Ha senso parlare di pace fiscale nonostante la rottamazione delle cartelle? Sì. L'83% delle cartelle è per somme inferiori a mille euro ma «pesa» solo per il 10,4% del carico complessivo. Se ne sono state necessarie quattro è perché molti italiani noti al fisco vorrebbero onorare i loro debiti conclamati ma coi pochi soldi preferiscono pagare stipendi e fornitori. E le rottamazioni sono fallite finora perché i tempi di rateizzazione sono limitati e le maxirate (la quater ne prevede due iniziali del 20%) sono troppo alte. «Così rischiamo di non ottenere il risultato desiderato, esattamente come è successo per le precedenti», conferma Marcella Caradonna, presidente dei commercialisti milanesi, secondo cui molti contribuenti «a causa anche dell'impennata di tutti i costi e degli interessi bancari sono in carenza di liquidità.
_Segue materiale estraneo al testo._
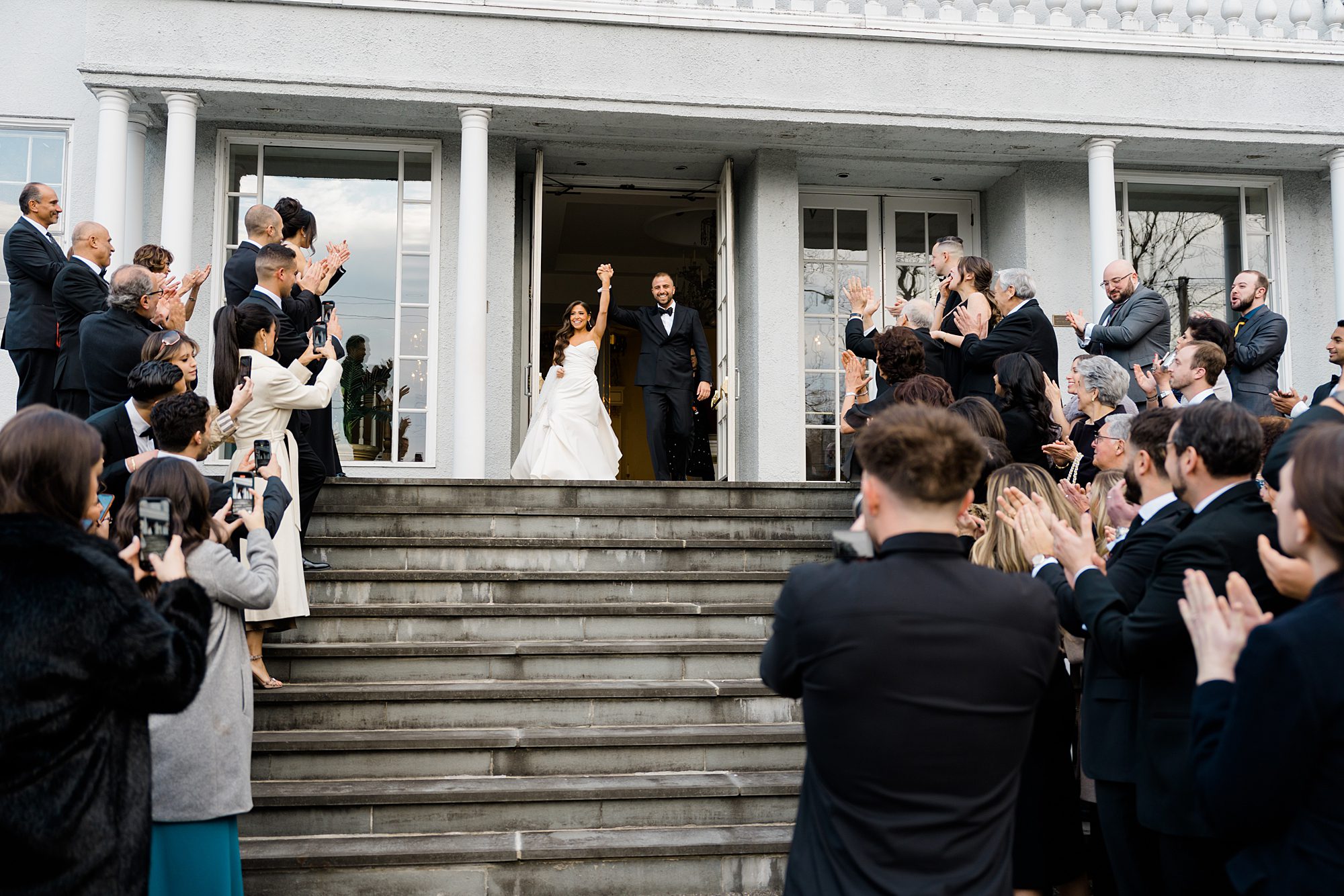 wedding guests celebrate newlyweds exiting church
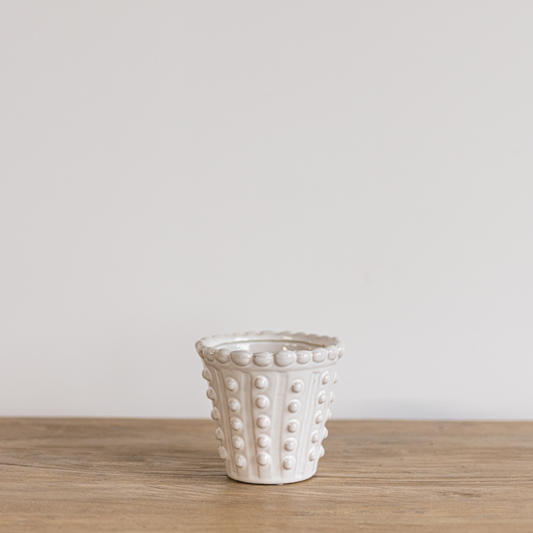 White dotted planter by Luxe B Co with a modern design, featuring a smooth surface and decorative dotted pattern.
Pur volendo, temo non ce la faranno a farvi fronte».

La pace fiscale avrebbe anche un vantaggio: «Oggi essere anche incolpevolmente debitore verso il fisco costringe le imprese a frenare la propria attività per evitare il blocco delle entrate», spiega al Giornale il commercialista romano Gianluca Timpone: «Azzerare il peso delle cartelle rappresenta un vantaggio anche per l'Erario, perché una impresa libera da pesi genera utili e quindi imposte».

La zavorra dei ruoli esattoriali, eredità del centrosinistra, è stimata in oltre 1,2 miliardi di euro, di cui meno del 5% è realmente riscuotibile. Stando all'ultima nota Nadef 2022, l'evasione fiscale invece ammonta a 99 miliardi di euro l'anno. Eccoli, i soldi che sfuggono al fisco: non quelli certificati dall'Agenzia delle Entrate con le cartelle come ingannevolmente fa credere su Twitter il vicepresidente dei senatori Pd Franco Mirabelli, quando scrive «la pace fiscale è un insulto per chi paga le tasse fino all'ultimo euro».

Aiutare gli italiani a riconciliarsi con le tasse nonostante una pressione insostenibile, un fisco spietato e le cartelle pazze non si fa demonizzando chi non paga incolpevolmente ma facendo accrescere la compliance fiscale volontaria, che è esattamente quello che ha in mente l'esecutivo con la delega fiscale a cui ha lavorato il viceministro dell'Economia Maurizio Leo, che dovrebbe diventare legge prima della fine dell'estate. «Serve una grande riforma complessiva per far crescere il Paese», dice il segretario di Forza Italia Antonio Tajani.

Qualche mese fa fece discutere un sondaggio Ipsos Fiscal Focus, nel quale otto italiani su dieci si dichiaravano «potenzialmente evasori» per il peso eccessivo delle tasse ma al tempo stesso favorevoli a una lista pubblica degli evasori per somme superiori a 25mila euro (in linea con il tetto ipotizzato da Salvini), sulla scia delle politiche anglosassoni naming-and-shaming, che viaggiano su un doppio binario: punire socialmente il comportamento e premiare chi le paga, riducendo i costi di accertamento fiscale.

Peraltro, come ricorda Luigi Marattin di Italia Viva, nella delega fiscale c'è una norma che consente di pignorare automaticamente i conti correnti degli evasori, segno che questo esecutivo vuole stanare chi fa davvero il furbetto.

«Una misura giusta, che neanche Vincenzo Visco era mai arrivato a fare», dice il deputato renziano, parlando di ammuina di Salvini, inciampando nel solito equivoco di fondo: «L'evasione si combatte senza se e senza ma, eppure non si può mettere sullo stesso piano chi non paga perché non può e chi perché non vuole», sentenzia Antonio Gigliotti, presidente di Fiscal Focus.